# btrfs with an SSD and a HDD

## daviessm

I have a computer with a small SSD and a huge HDD. The root filesystem is btrfs on the SSD and the HDD is used for backups and mythtv recordings. However, having recently migrated to a new platform my SSD isn't large enough to hold everything in /home any more.

What do you think is the best way to make efficient use of the space? I considered appending the disks into a btrfs volume but that would halve the data integrity. I've also thought about creating a volume of raid1 between part of the HDD and the SSD but can I tell it to use the SSD as a primary and copy the files to the HDD as sort of a backup to preserve the latency benefits that the SSD will provide?

----------

## ulenrich

Isn't there coming a btrfs feature to use SSD space a a hot-cache for some set of integrated volumes?

----------

## daviessm

I hadn't heard of that but I'm stuck on kernel 3.8 anyway (the box is an armv7 ODROID-X2).
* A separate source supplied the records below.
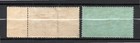 New Hebrides 1925 Old 1 8 And 4 Shilling Definitive Stamps  michel 95 6  Mnh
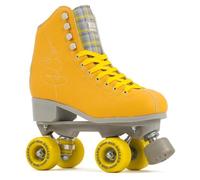 Roller Quad Signature Jaune - Rio Roller - Taille 37 - Confortable Et Facile À Prendre En Main Multicolore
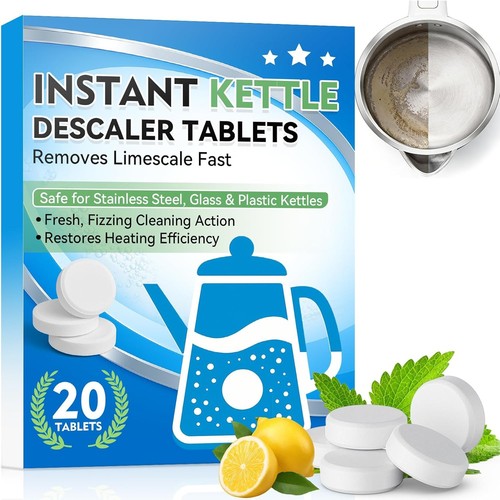 Kettle descaler tablets - kettle, tablets,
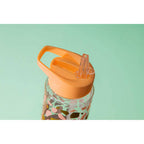 Kids Animal Print Water Bottle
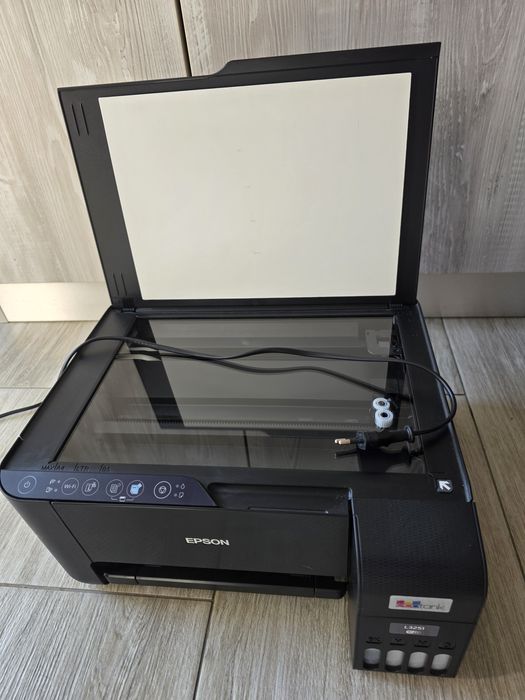 Imprimanta Epson Multifunctional Inkjet CISS EPSON EcoTank L3270 Color
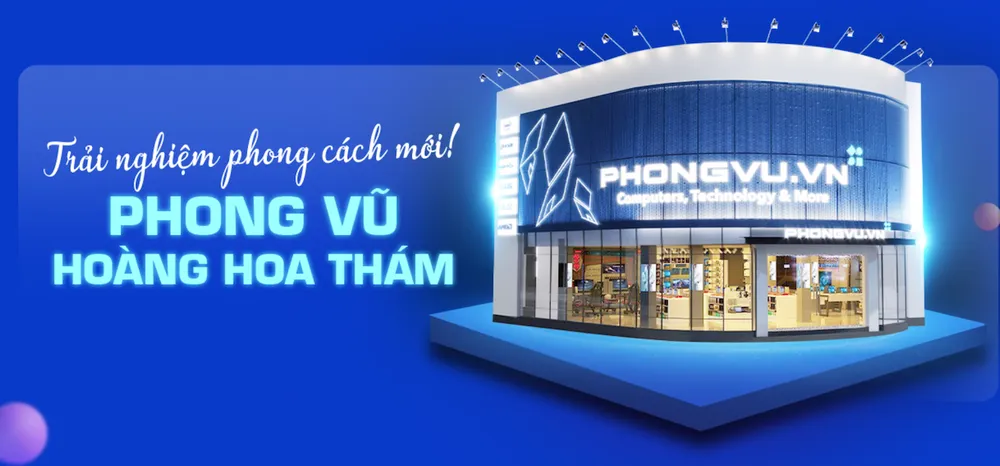 Phong Vũ  thêm showroom hướng đến trải nghiệm ảnh 1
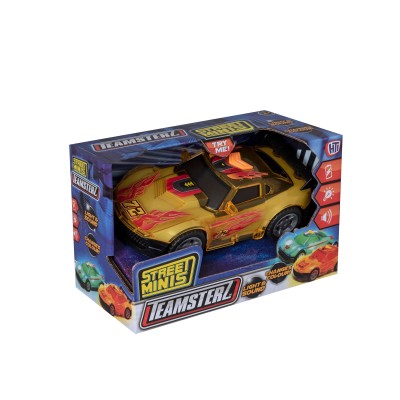 TEAMSTERZ Mighty Machine automašīna ar gaismiņām, 12,5 cm, 1417361T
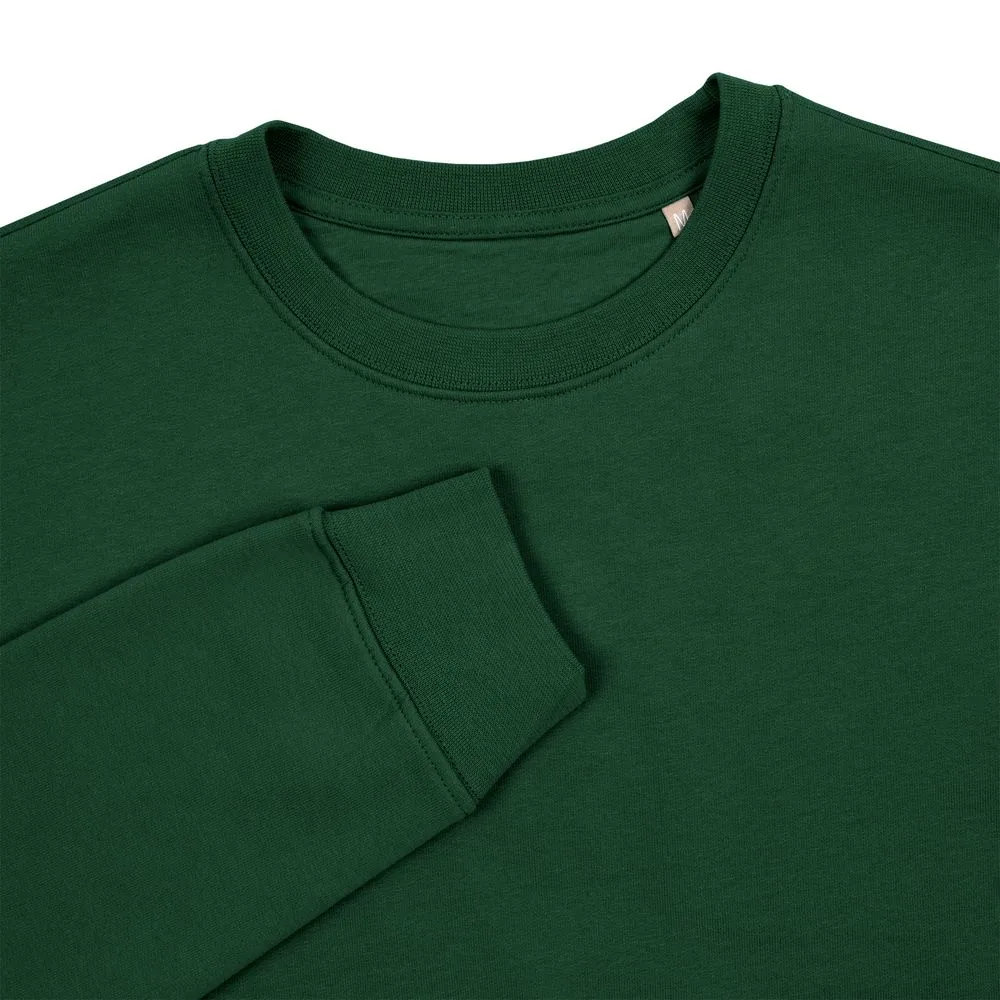 Свитшот унисекс Columbia, темно-зеленый, размер XXL фото 4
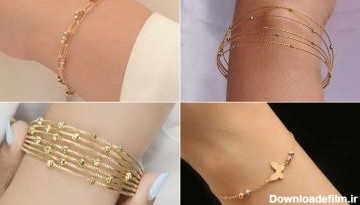 مدل دستبند البرنادو زنانه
A bit more information about my setup: The ODROID has an onboard SD card slot, in which I have a 64GB SDXC card. I have an external USB dock which holds a 1TB SATA HDD and another 32GB SD card.

My latest idea is to create a 96GB btrfs partition on the HDD and use btrfs raid1 over that and the two SD cards. That should mean I have all the data stored on the HDD and a copy spread over the two SD cards. Am I right in thinking that if any of the three devices failed, I'd still have a running system? Now, if the 64GB SDXC card failed then I'd lose the boot partition and it wouldn't be able to boot but if I recreated that, everything would still just work.

Or am I delusional?

----------